What you will do =>
Starting at the line with "94 x Con dry" and ending at the line with "Magnum Hotel & Suites West Bay — снимок 19", print exactly the lines of the entries below. Pictures do not belong in the copy.

Captioned web images =>
((
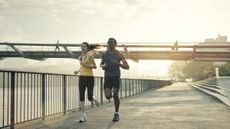 a man and woman run by the Thames River in London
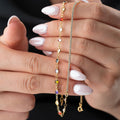 Silberne ICED X COLORFULL Kette aus 925 Silber mit bunten Steinen, von AURIME, liegt auf hellem Hintergrund.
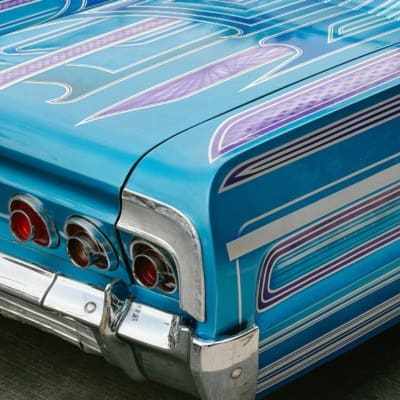 Photographer Manuel Zúñiga on Mexico City | the rear corner and boot of a classic car, with blue and purple patterns.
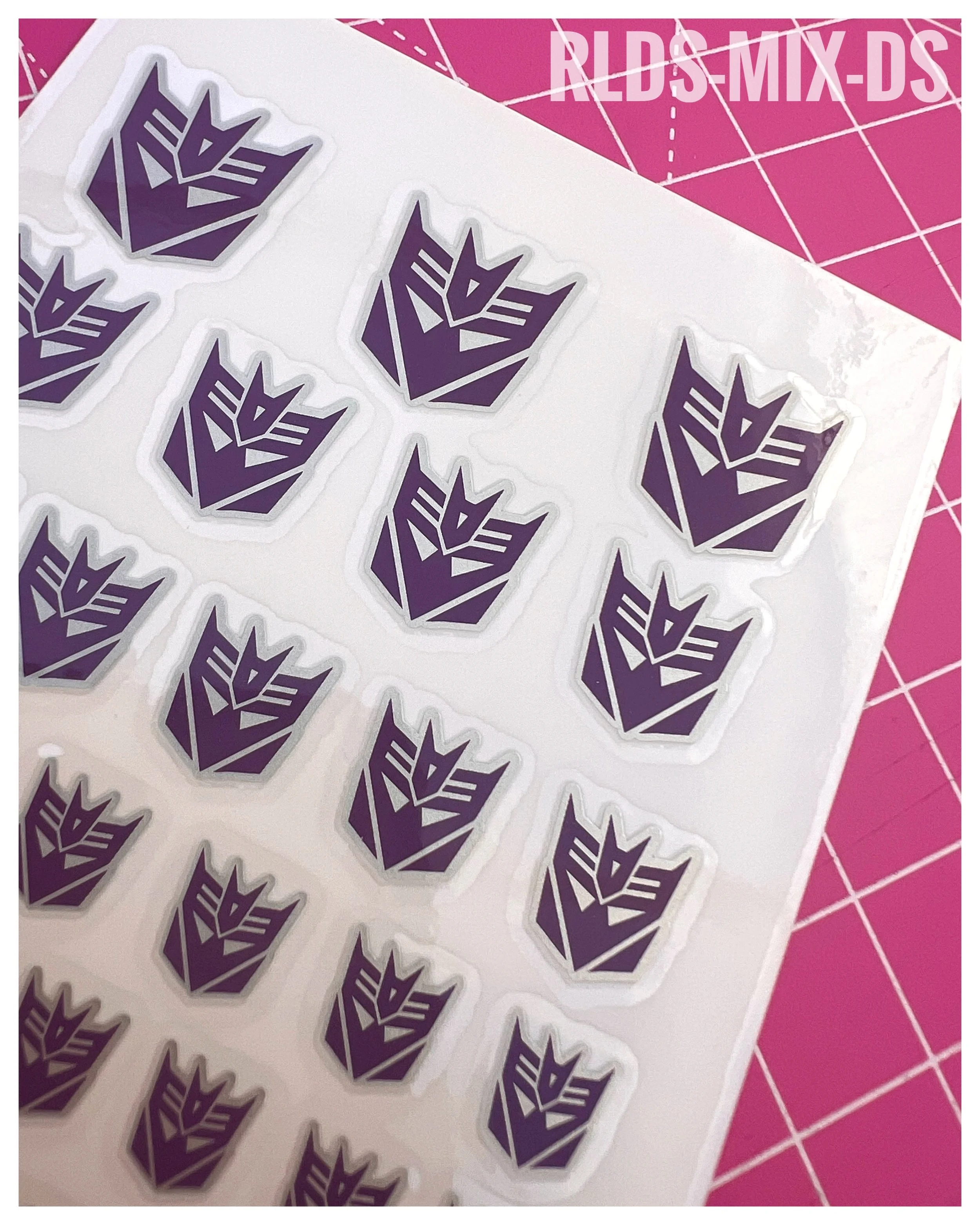 94 x Con dry rub transfers, including 12 x split logos, Purple with Silver background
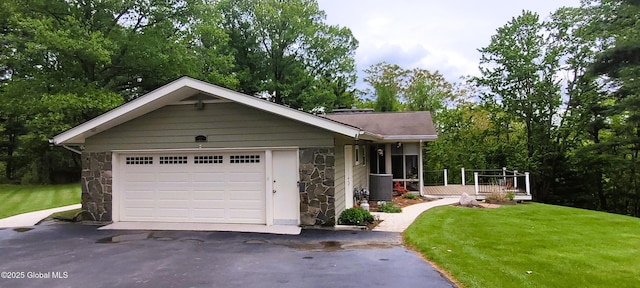 22 E Rd, Brunswick, NY 12180 - view of front facade with stone siding, asphalt driveway, a front yard, and a wooden deck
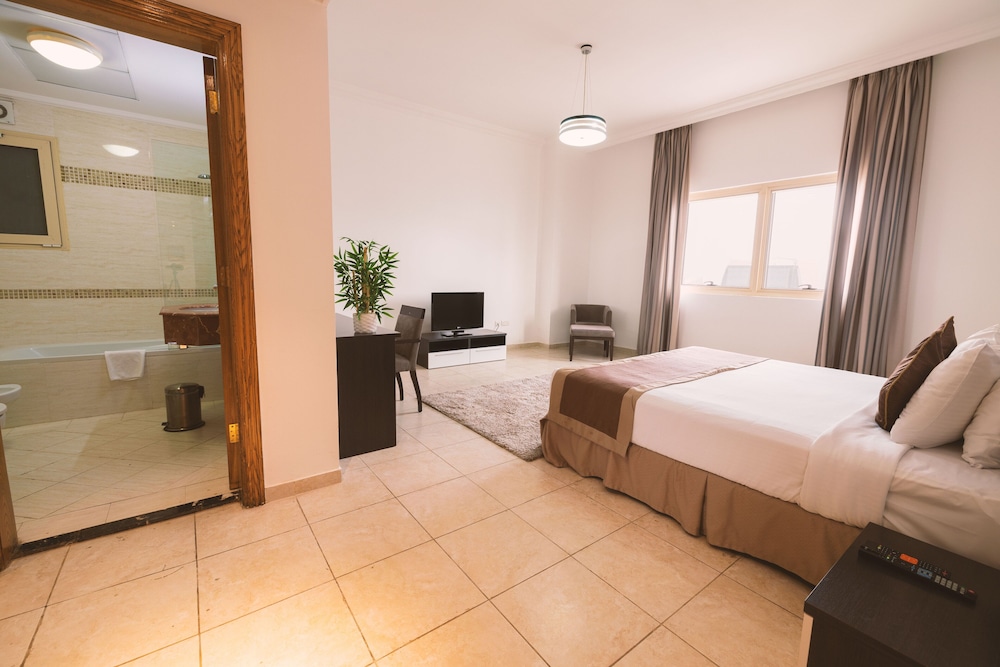 Magnum Hotel & Suites West Bay — снимок 19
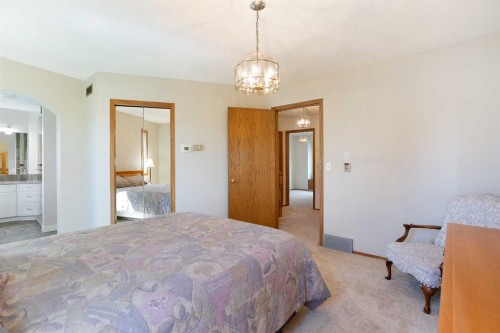 26 Sunhaven Link Se, Calgary, AB - Indoor Photo Showing Bedroom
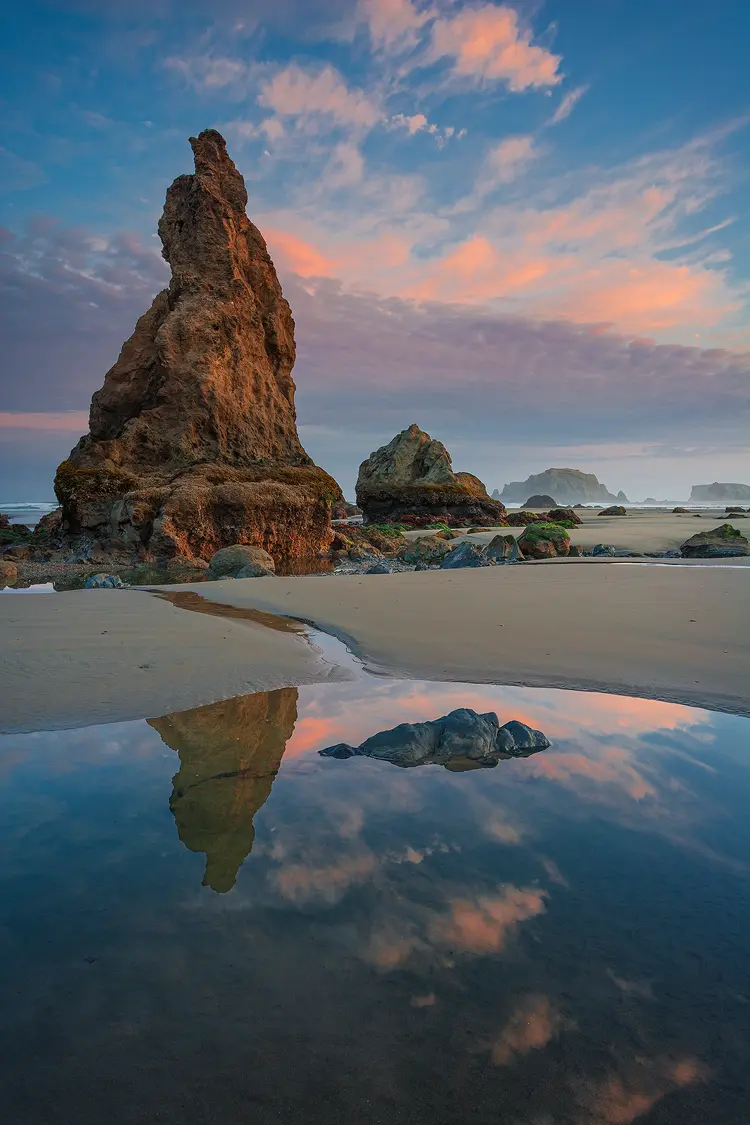 Photography location; Vertical, sunrise photo of pink clouds and a blue sky surrounding a pointy rock and reflecting in a tide pool on Bandon Beach, Oregon coast.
))
Completed task =>
 94 x Con dry rub transfers, including 12 x split logos, Purple with Silver background
 22 E Rd, Brunswick, NY 12180 - view of front facade with stone siding, asphalt driveway, a front yard, and a wooden deck
 Magnum Hotel & Suites West Bay — снимок 19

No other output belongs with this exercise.